We say $X$ is compactly embedded into $Y$ if the following two conditions hold :

  1. There exists a constant $C>0$ such that $\| x\|_Y \leq C\|x \|_X$ for every $x \in X$ .
  2. If a sequence $\{x_n\}_{n \geq 1} \subseteq X$ is bounded with respect to the norm $\|\cdot \|_X$, then its closure in $Y$ is a compact subset of $Y$.

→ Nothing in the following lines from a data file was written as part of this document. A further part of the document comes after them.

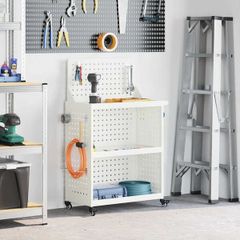 Tool Trolley Manual White 65 x 35 x 111 cm Cold-rolded steel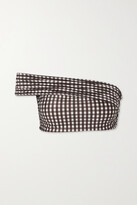 Thumbnail for your product : Peony Swimwear + Net Sustain Sunday One-shoulder Gingham Stretch-econyl Bikini Top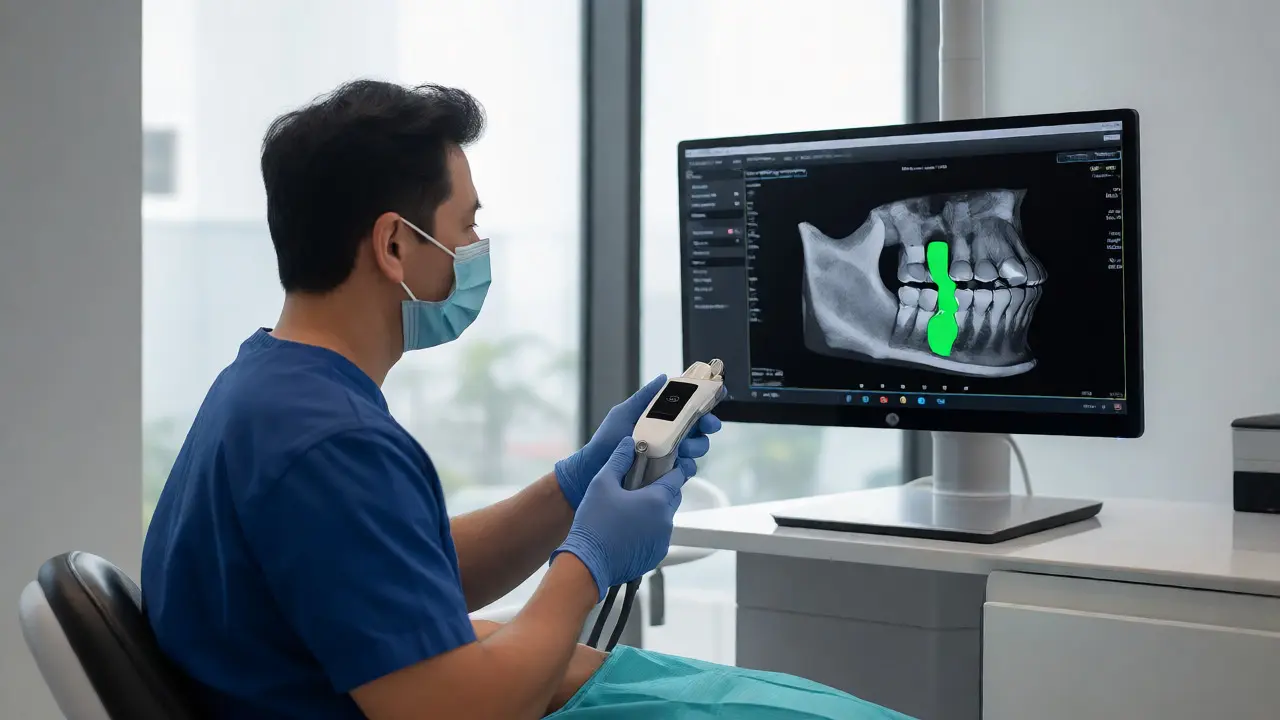Stomatolog používá digitální skener a 3D snímky v ordinaci
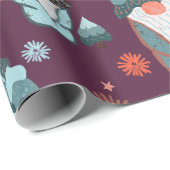 Whimsical Red Pattern Gnome kerstgarden Moon Cadeaupapier (Rol Hoek)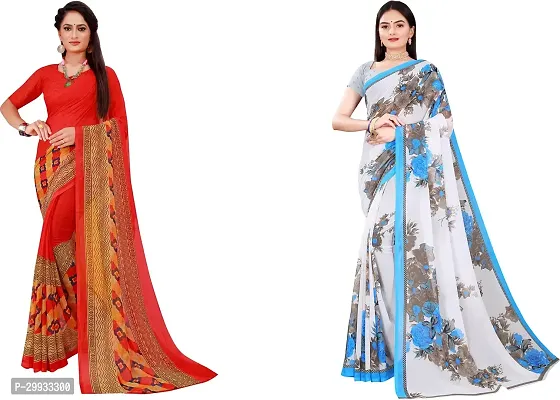 Stylish Fancy Georgette Saree With Blouse Piece Combo For Women Pack Of 2-thumb0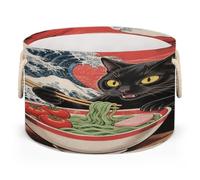 Drekrid Grande cesto portaoggetti - Il gatto nero mangia tagliatelle per la cameretta dei bambini, cestino portaoggetti rotondo pieghevole per la biancheria per bambini, giocattoli, coperta per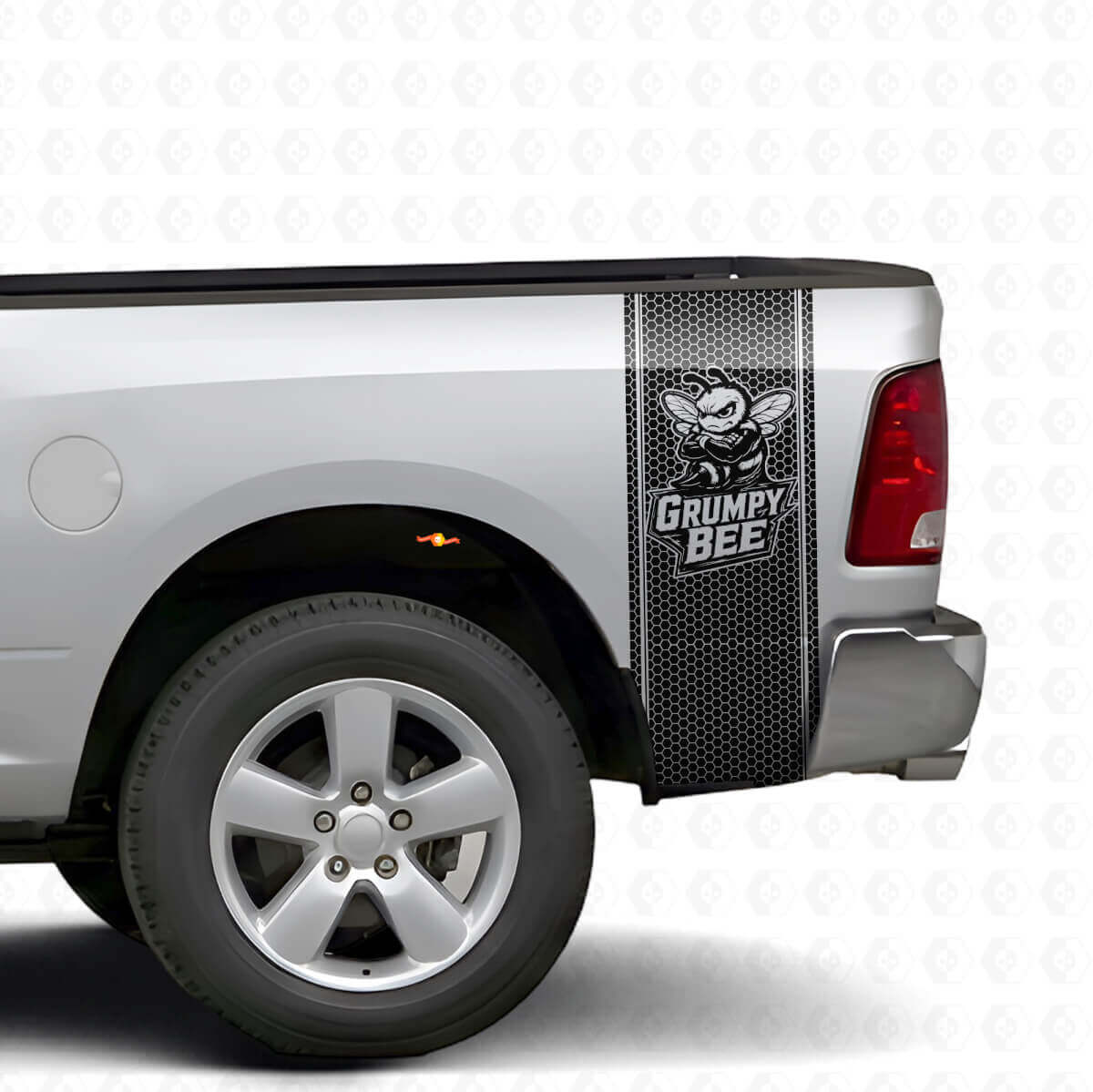 Grumpy Bee Honeycomb Stijl Bedrijfswagen Strepen Vinyl Decal Kit voor Dodge Ram Truck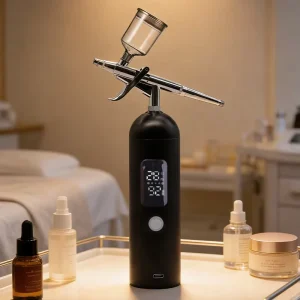 Dual Action Piston Airbrush Compressor Kit with Gravity Feed and LED Display Cordless 35PSI for Airbrushing Projects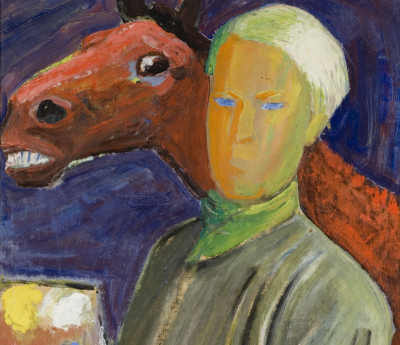 Olivia Holm-Møller, Selvportræt med palet og hest, ca. 1947. Tempera på lærred. 61 x 45 cm. Holstebro Kunstmuseum.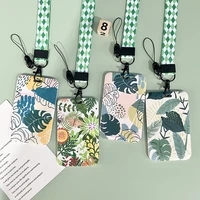 cool green plants badge holder with lanyard credentials accessories students name photo id card holders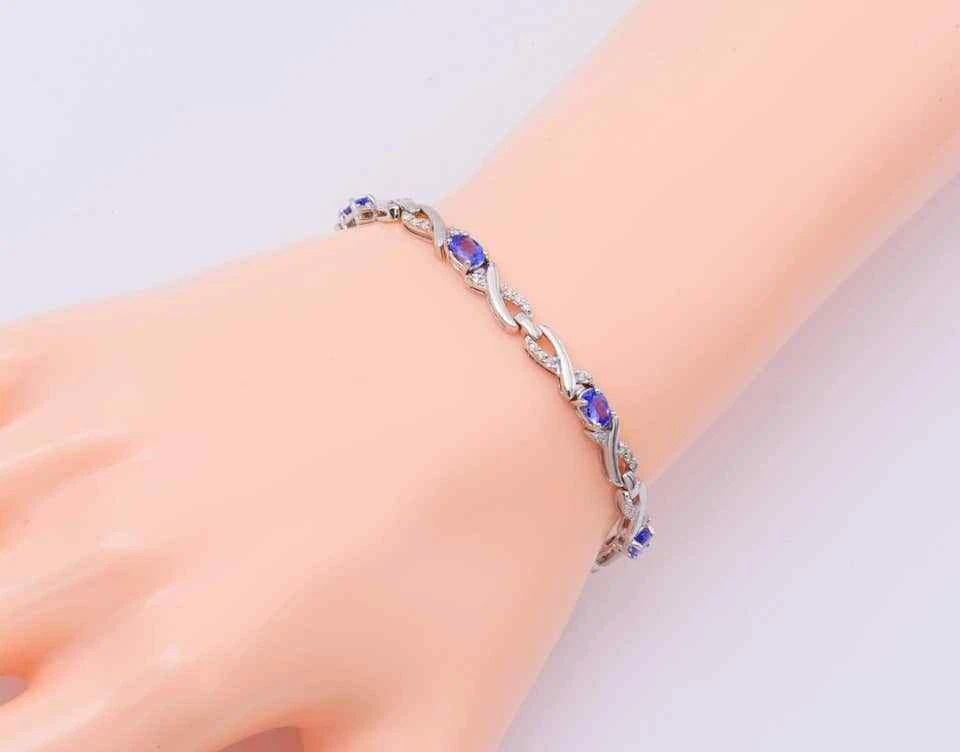 Pulseras de tenis simples de tanzanita azul púrpura con circonita cúbica blanca 2,78 TCW Foto 4 de 4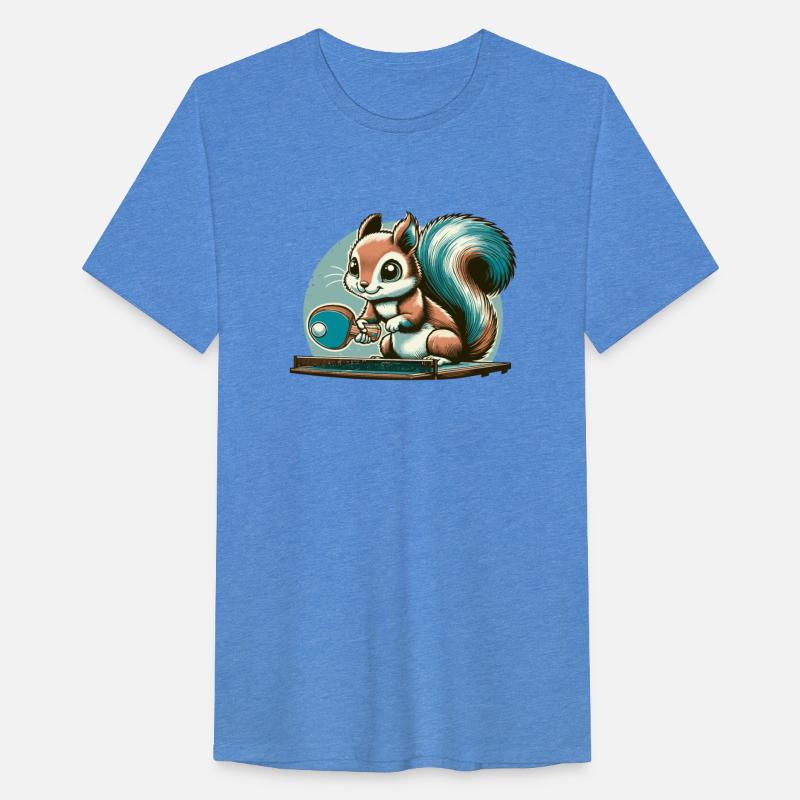 Cute cartoon squirrel playing table tennis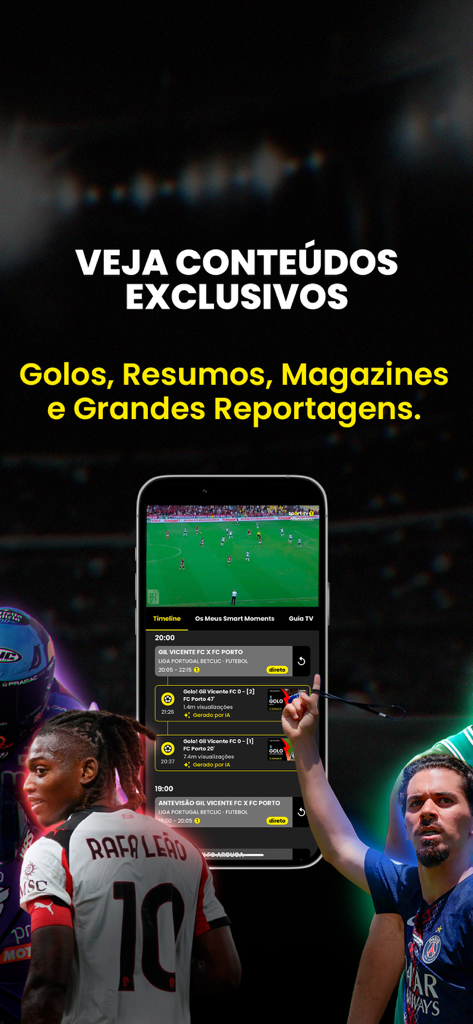 Exclusive sports content on the sport tv app showing soccer highlights and match goals.
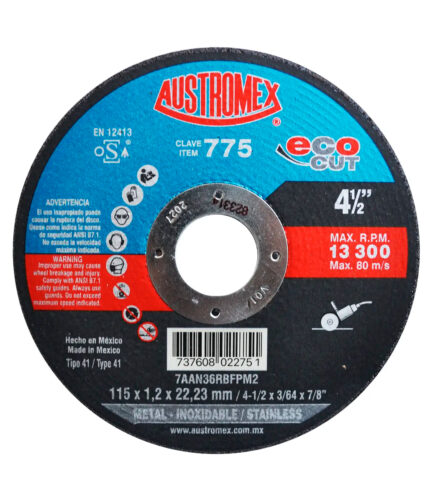 HC157656 - Disco de Corte 4-1/2X1.2 Acero Inoxidable Austromex 755 - AUSTROMEX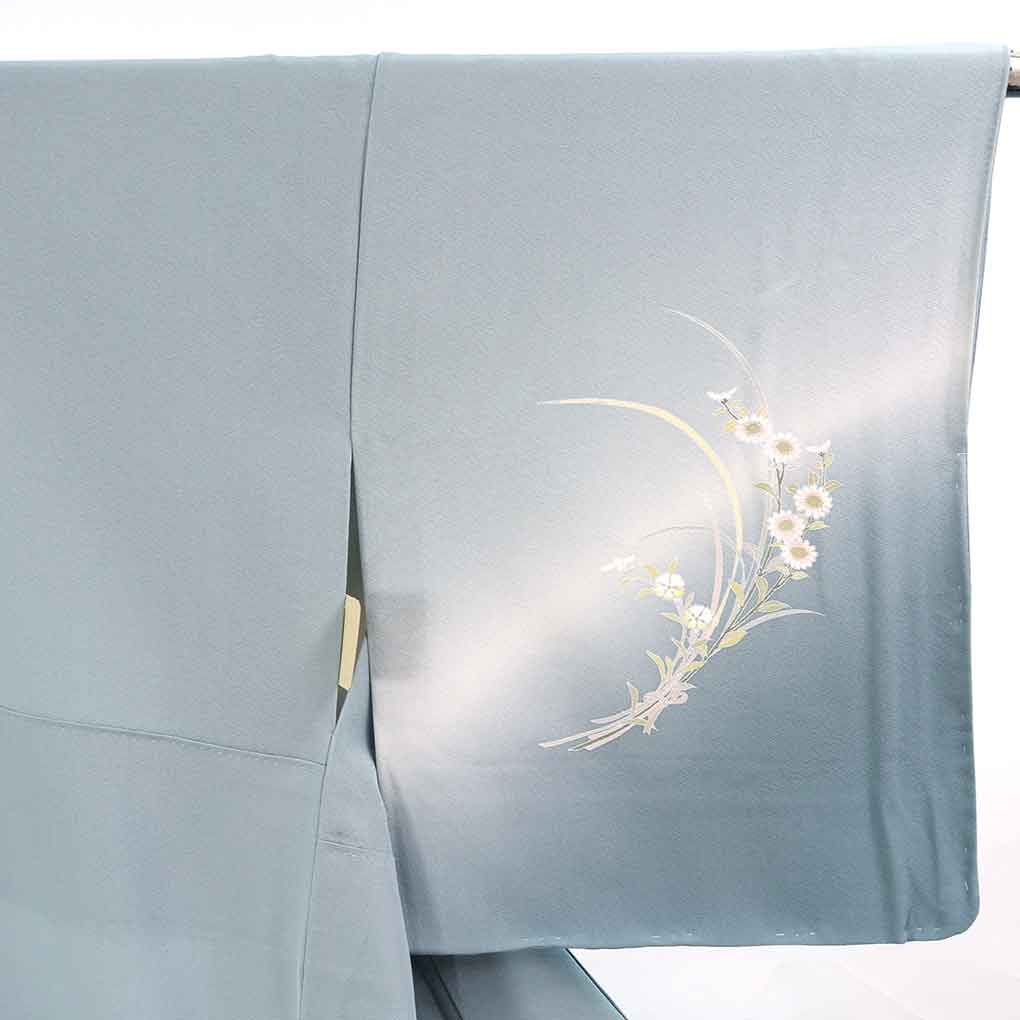 訪問着 リサイクル着物 身丈158cm 裄64cm 前幅24cm 後幅30cm 袖丈49cm 袖幅33cm レディース 袷 童 裄Mサイズ 秋冬春用 正絹（シルク）ブルー 未使用品 リメイク リユース【ランクS】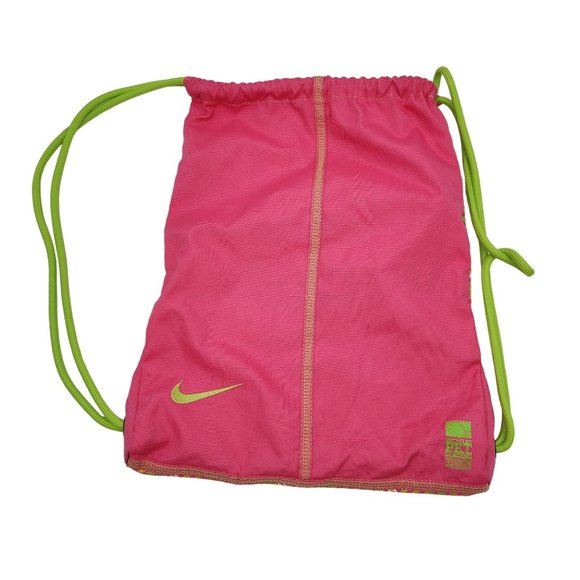 NIKE Pink Green White Sack Day Pack ~ Swoosh - Picture 2 of 3
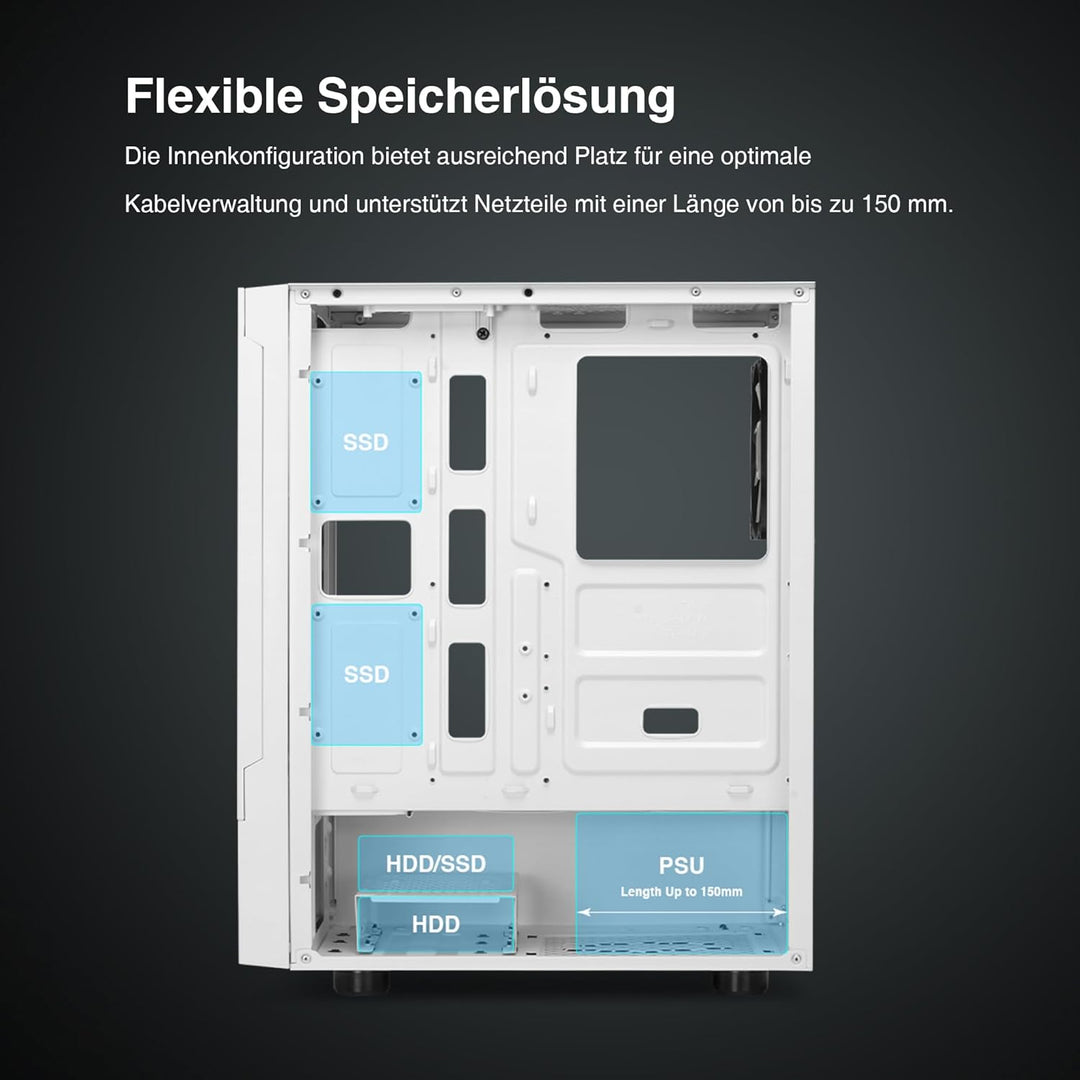 GAMDIAS Talos E3 Mesh WH Gaming PC-Gehäuse, Mid-Tower ATX-Gehäuse mit seitlicher gehärteter Glassche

The best constant $C$ is given by:

\begin{equation*} C = \inf_{x \in X, x \neq 0} \frac{\| x\|_Y}{\| x\|_X} \end{equation*}

Suppose $X$ is compactly embedded into $Y$. Does it follow that the above best constant is attained? That is, does there exist a nonzero element $x \in X$ such that $C= \frac{\| x\|_Y}{\| x\|_X}$? If not, under what additional assumption will such an extremal element exist?

My attempt:

For each positive integer $n$, there exists a nonzero element $x_n \in X$ such that:

\begin{equation*} C \leq \frac{\| x_n\|_Y}{\| x_n\|_X} < C + \frac{1}{n} \end{equation*}

Put $y_n = \frac{x_n}{\| x_n\|_X}$. Then $y_n \in X$, $\| y_n\|_X=1$, and:

\begin{equation*} C \leq \frac{\| y_n\|_Y}{\| y_n\|_X}=\| y_n\|_Y < C + \frac{1}{n} \end{equation*}

By property $2$, there is a $y \in Y$ and a subsequence $\{n_k\}_{k\geq 1}$ such that $y_{n_k} \to y$ as $k \to \infty$ with respect to the $\| \cdot \|_Y$ norm. By continuity of norm and squeeze theorem, we have $\| y \|_Y = C>0$ so that $y \neq 0$ .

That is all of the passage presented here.